Counterpoint: Penn State Scandal Revisited
The Torah demands that we not judge the moral conduct of the people involved without knowing what they actually saw and did.
What is most distressing about the Penn State scandal is people’s reactions to it. It’s as though the allegations of child abuse render us all an incoherent mob, lighting our torches, grabbing our pitchforks, heading out at midnight to go confront the monster. My colleague Harve Linder’s article illustrates this point.
I should point out before I go any further that Harve Linder is my Talmud study partner and my colleague. I have the greatest respect for his good heart and his legal acumen. He is in all respects a gentleman and a scholar. I disagree with him on one issue in his article.
He states the rhetorical question: “When the graduate student walked into the shower room and allegedly discovered the horrific acts of the assistant coach, what should he have done?” He concludes that the graduate student’s conduct failed to meet the Torah’s standard of “do not stand idly on your brother’s blood.”
There are other Torah injunctions, however, that should give us pause. There is the warning not to prejudge as situation, as it says: “Do not render an unfair decision…” (Leviticus 19:15)
Moreover, the laws against gossip (loshon hara) are designed to prevent exactly the kind of torch-and-pitchfork rush to judgment that the Penn State case reveals. “Do not raise a false report, says the Torah” (Exodus 23:1), which our Sages explain as a warning “not to receive or listen to evil reports.”
We cannot presume to judge the actions of Mike McQueary, the graduate student who “discovered” the heinous act.
Applying these divine injunctions to the Penn State case, we cannot presume to judge the actions of Mike McQueary, the graduate student who “discovered” the heinous act. Let us assume that the Grand Jury report is authentic. The entire chain of reasoning that leads us to condemn Penn State’s graduate assistant and its entire football coaching staff is based on one supposed fact – that the graduate student walked into the shower room, discovered the horrific acts of the assistant coach and did nothing.
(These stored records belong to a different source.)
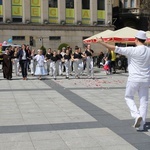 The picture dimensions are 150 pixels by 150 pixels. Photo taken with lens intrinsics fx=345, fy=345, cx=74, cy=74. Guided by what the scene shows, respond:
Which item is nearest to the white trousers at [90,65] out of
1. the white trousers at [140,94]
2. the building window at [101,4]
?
the white trousers at [140,94]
If in fact the graduate student saw rape, then he (Mr. Linder and I agree) had both a moral and a legal obligation to intervene, as well as to report it to the police. At which point, McQueary’s boss – and his boss’s boss, and so on up the line – all had an obligation to report this disgusting and despicable conduct. If they did not, they should (after due process) be thrown in jail.
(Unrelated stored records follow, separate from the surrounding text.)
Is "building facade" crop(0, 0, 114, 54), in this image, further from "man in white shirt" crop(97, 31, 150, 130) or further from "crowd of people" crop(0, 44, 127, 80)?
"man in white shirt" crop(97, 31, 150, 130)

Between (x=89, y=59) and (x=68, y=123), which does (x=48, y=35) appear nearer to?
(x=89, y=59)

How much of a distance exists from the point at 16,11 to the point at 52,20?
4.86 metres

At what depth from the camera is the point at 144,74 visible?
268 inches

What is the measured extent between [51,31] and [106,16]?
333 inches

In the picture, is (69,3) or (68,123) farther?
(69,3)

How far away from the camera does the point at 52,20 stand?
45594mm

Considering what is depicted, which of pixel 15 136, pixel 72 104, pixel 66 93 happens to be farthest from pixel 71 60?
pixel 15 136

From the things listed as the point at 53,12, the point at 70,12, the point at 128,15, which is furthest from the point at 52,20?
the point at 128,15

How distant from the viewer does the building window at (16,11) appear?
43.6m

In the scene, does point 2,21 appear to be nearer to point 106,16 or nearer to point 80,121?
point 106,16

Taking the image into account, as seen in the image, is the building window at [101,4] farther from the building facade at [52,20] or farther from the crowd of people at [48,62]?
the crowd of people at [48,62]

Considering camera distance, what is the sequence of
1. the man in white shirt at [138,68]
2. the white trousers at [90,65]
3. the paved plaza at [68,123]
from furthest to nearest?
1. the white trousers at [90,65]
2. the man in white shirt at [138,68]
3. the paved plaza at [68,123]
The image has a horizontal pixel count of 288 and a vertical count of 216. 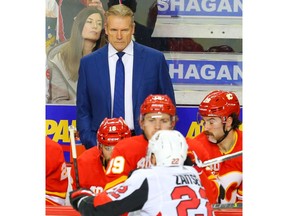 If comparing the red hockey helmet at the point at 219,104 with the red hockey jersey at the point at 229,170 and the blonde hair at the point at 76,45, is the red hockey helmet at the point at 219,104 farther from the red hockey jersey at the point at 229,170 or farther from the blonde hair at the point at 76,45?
the blonde hair at the point at 76,45

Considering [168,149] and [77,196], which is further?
[77,196]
So if this story is true, why didn’t the graduate either intervene or call the police? And why did the coaching staff and the administration, having (in this version of the narrative) heard a clear report of child rape, not call the police to investigate?
People offer several possible explanations for McQueary’s failure to act, each an indictment of his moral character. It has been suggested that perhaps the graduate student was so cowed by the Paterno mystique that he was unable to bring himself to accuse one of Paterno’s gang. Or that perhaps he was a moral coward. Or perhaps he was afraid of the perpetrator.
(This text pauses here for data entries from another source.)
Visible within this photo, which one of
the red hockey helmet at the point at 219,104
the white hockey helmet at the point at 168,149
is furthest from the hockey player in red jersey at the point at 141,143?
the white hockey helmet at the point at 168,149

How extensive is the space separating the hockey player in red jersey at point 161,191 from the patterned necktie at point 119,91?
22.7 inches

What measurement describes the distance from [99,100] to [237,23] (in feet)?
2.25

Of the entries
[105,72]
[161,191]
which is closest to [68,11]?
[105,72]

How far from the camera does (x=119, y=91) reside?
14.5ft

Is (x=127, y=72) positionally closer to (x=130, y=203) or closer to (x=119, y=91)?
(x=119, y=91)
But I would like to suggest another explanation. Perhaps what McQueary saw is what most eyewitnesses see: incomplete facts, partial evidence, suspicious but unclear patterns of behavior. That he later testified that he saw clearly identifiable conduct (“rape”) is typical of human beings in general: we weave the patterns together after the fact into a coherent (and sometimes mistaken) explanation. So if he saw conduct that was unclear-but-suspicious, that explains why his report to his boss (and his boss’ report to his boss) were less than a full report of rape.
There are other possible explanations. The administration claims that they didn’t act on child rape because neither McQueary nor the coaching staff ever told them of a rape—only that he saw something upset him. For his part, McQueary now claims that he stopped the assault, and talked with police. We lawyers hear these as self-serving exculpatory statements. Are they true? We can’t know.
I’ve been working in the justice system for 30 years. I’ve prosecuted criminals and I’ve defended them. I’m as jaded about human nature as only a person who works in the justice system can be. But I find it inconceivable that any human being, witnessing what is clearly and unambiguously rape, would fail to at least verbally challenge the conduct (“Hey! What’s going on in there?”) – if not physically intervene. Add the fact that the victim was a 10-year-old boy makes it even more unlikely that a witness to a rape would walk away. Add all of these aggravating factors together – the homosexual rape of a child by an adult – it is beyond our experience that an eyewitness would not physically intervene.
As Occam’s razor and Sherlock Holmes and the Talmud, too, instruct us: The simplest and most likely explanation of human behavior is usually the correct one. At least, it’s the place we start until we know more facts. That simple explanation here is that McQueary did not intervene because he did not clearly see a sexual assault — or, as he now claims, that the initial stories of his conduct were wrong and that he did, in fact, intervene.
None of us knows what happened. We all have our suspicions about who did what to whom, and who did not do enough. But Mr. Linder and I agree on this, too: The Torah demands more of us than prejudgment. It demands that we not judge the moral conduct of the actors without knowing what the actors actually saw and what they actually did. Let’s douse the torches and put down the pitchforks until then.